Robert Cruz Lozano v. State
359 S.W.3d 790
Tex. App.2012Background
- Appellant Robert Lozano convicted of murder of his wife Virginia Lozano and sentenced to 45 years' imprisonment.
- The death occurred on July 6, 2002 in Denton; Appellant was a Denton Police detective.
- The State’s theory: Lozano shot Viki, then staged the scene to appear accidental or suicidal.
- Appellant gave a voluntary statement describing his evening and gun cleaning; later statements revealed inconsistencies and an affair with Cynthia Waters.
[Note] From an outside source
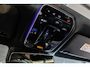 Mercedes-Benz C-klasse Estate 300 e Business Solution AMG Schuifdak | Memory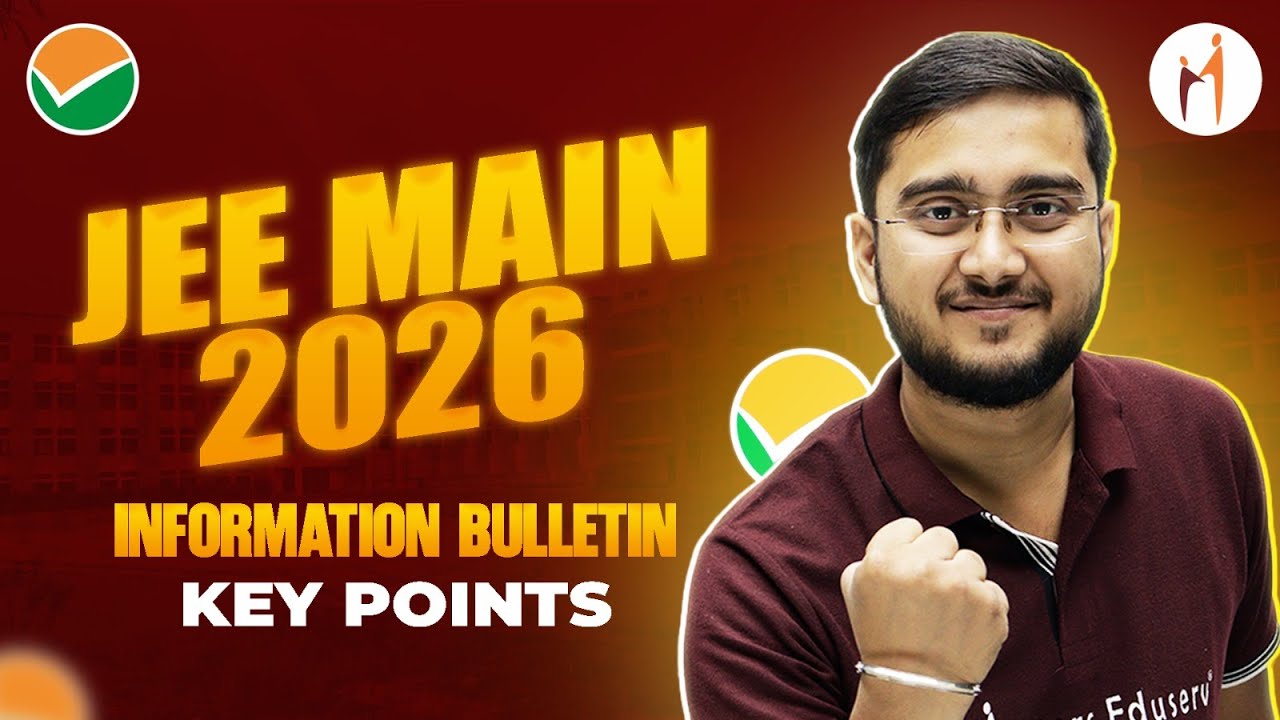 Mentors Eduserv Patna Feature Video Thumb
- The medical examiner’s autopsy was initially undetermined as to manner of death, leading to a 2004 dismissal motion by the DA; a new indictment was filed in 2008 and the trial occurred with extensive crime-scene and forensics testimony.
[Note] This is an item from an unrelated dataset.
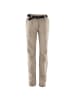 Maier Sports Hose Lulaka in Beige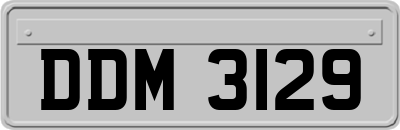 DDM3129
- The defense challenged sufficiency of the evidence, several evidentiary rulings, jury instructions, and preservation of certain hearsay/confrontation issues.
- The court affirmed the conviction, upholding the sufficiency of the combined evidence and rejecting the asserted evidentiary and instructional errors.
Issues
| Issue | Plaintiff's Argument | Defendant's Argument | Held |
|---|---|---|---|
| Sufficiency of the evidence | Lozano argues the evidence is legally and factually insufficient | State contends combined evidence supports guilt beyond reasonable doubt | Sufficient evidence to support conviction on a murder theory |
| Exclusion of 2004 dismissal motion | Da ignores the 803(8)(C) dismissal context and Donoghue report | Court properly excluded due to trustworthiness concerns | Trial court did not abuse discretion; motion excluded |
| Former DA's testimony about Donoghue report | Hearsay impeachment via Donoghue’s alleged suicide opinion should be admitted | Donoghue’s report not produced; impeachment via Donoghue testimony improper | Exclusion of Donoghue testimony affirmed; not admissible as hearsay impeachment |
| Unanimity of jury verdict | Unanimity required as to the offense; multiple theories misstate the charge | Offense under §19.02(b)(1) and (b)(2) are alternative means of the same offense; unanimity not violated | Charge did not violate unanimity; general murder verdict proper |
| Hearsay/Confrontation preservation | Murphree testimony about witnesses’ alibis violated confrontation rules | Objections were not preserved; testimony cumulative and non-prejudicial | Preservation failed; issues six and seven overruled |
Key Cases Cited
- Jackson v. Virginia, 443 U.S. 307 (U.S. 1979) (standard of review for sufficiency of evidence)
- Hooper v. State, 214 S.W.3d 9 (Tex. Crim. App. 2007) (standard of review; cumulative evidence admissible)
- Leza v. State, 351 S.W.3d 344 (Tex. Crim. App. 2011) (unanimity and sufficiency principles in multi-theory charges)
- Bundy v. State, 280 S.W.3d 425 (Tex. App.—Fort Worth 2009) (unanimity where alternative means of same offense are charged)
- Young v. State, 341 S.W.3d 417 (Tex. Crim. App. 2011) (unanimity in alternate-means murder cases; no error)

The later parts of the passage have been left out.